→ **Action item**:
Because the images are not wanted, restate every line below word for word without them.

→ **Stored data**:
= Beginning of Section =

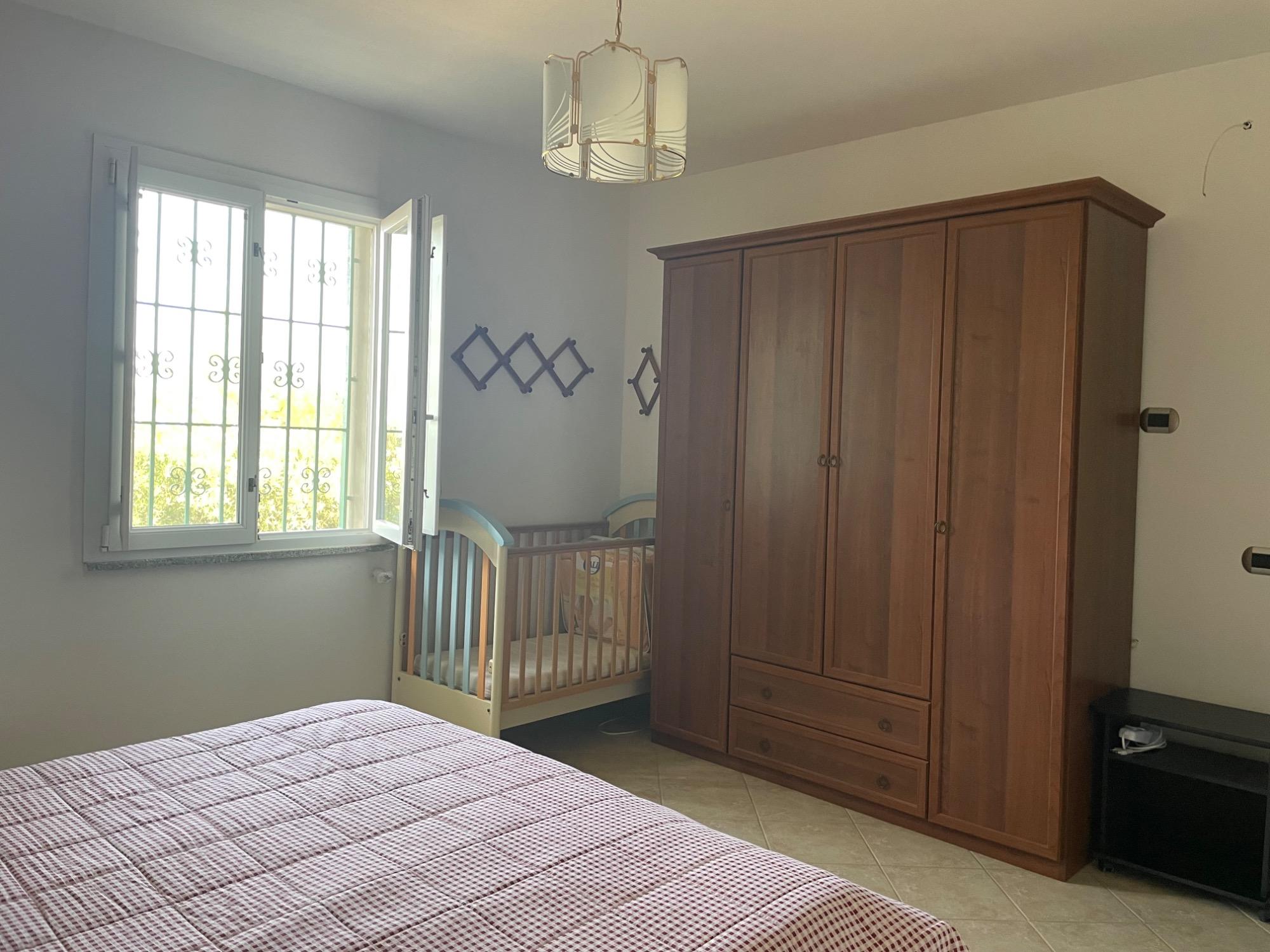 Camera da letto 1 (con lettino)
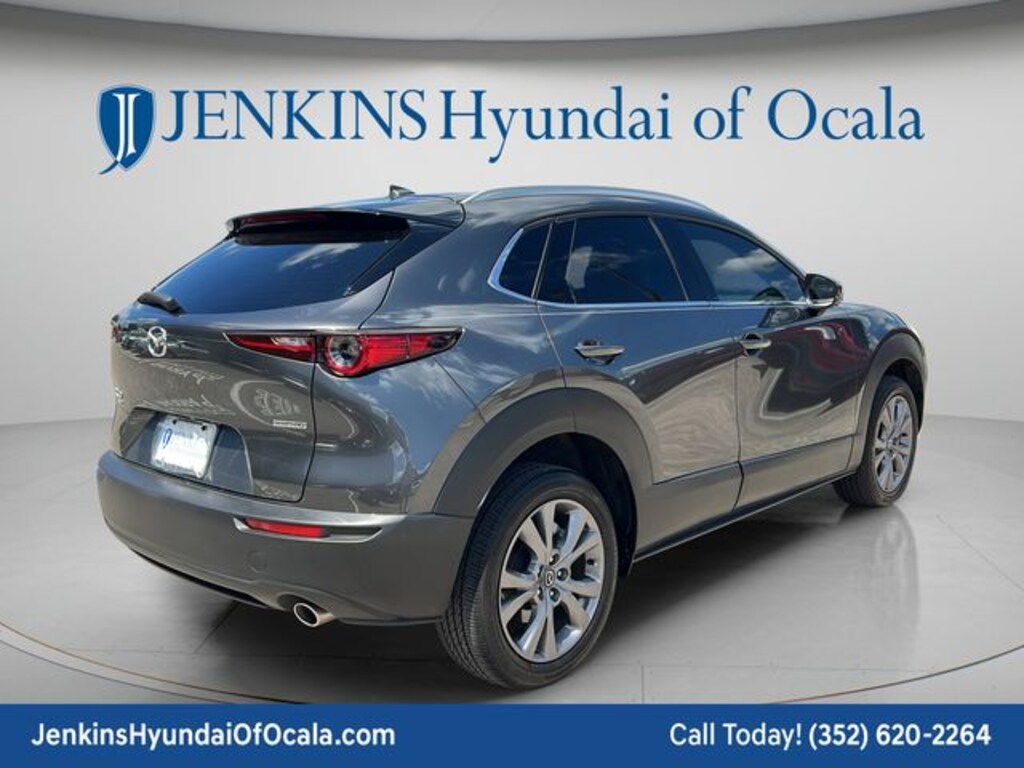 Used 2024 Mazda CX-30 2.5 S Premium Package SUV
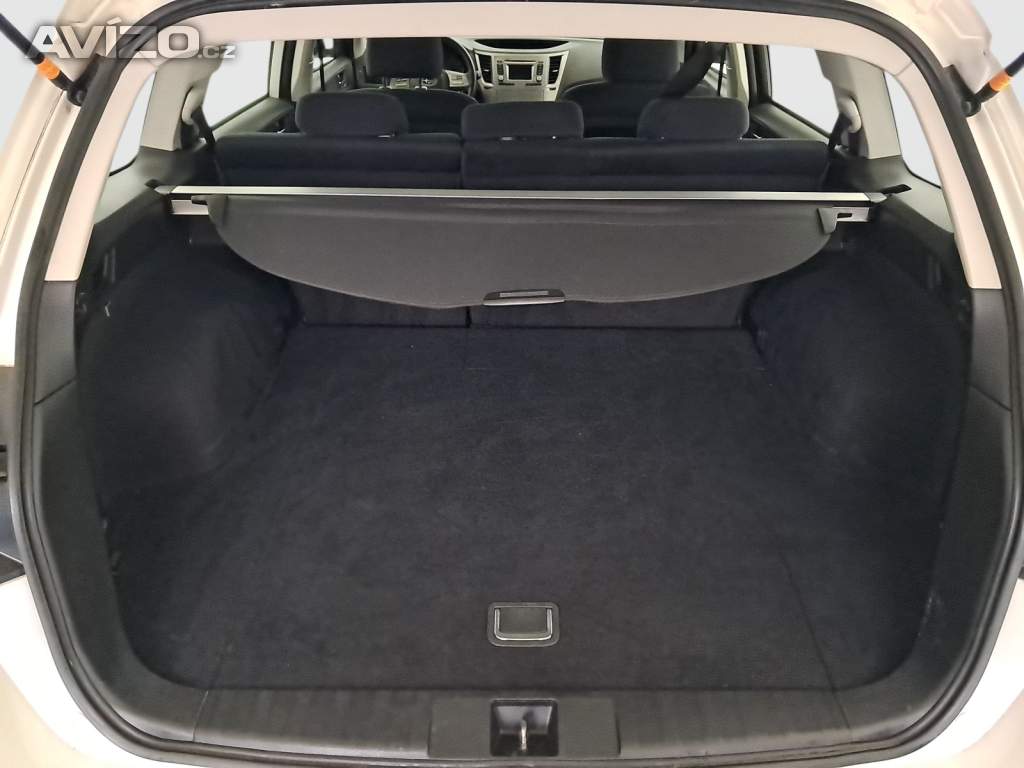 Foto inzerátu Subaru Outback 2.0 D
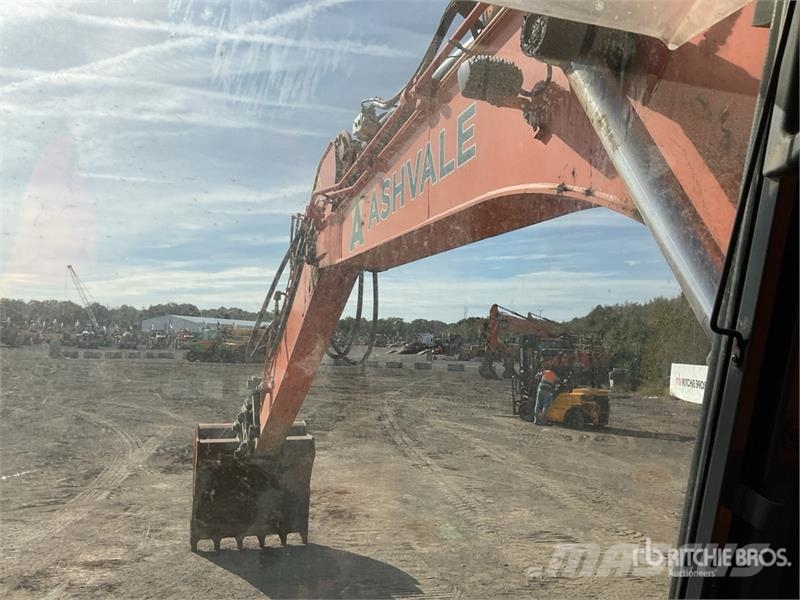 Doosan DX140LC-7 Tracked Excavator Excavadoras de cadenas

= End of Section =

→ **Answer to this exercise**:
 Camera da letto 1 (con lettino)
 Used 2024 Mazda CX-30 2.5 S Premium Package SUV
 Foto inzerátu Subaru Outback 2.0 D
 Doosan DX140LC-7 Tracked Excavator Excavadoras de cadenas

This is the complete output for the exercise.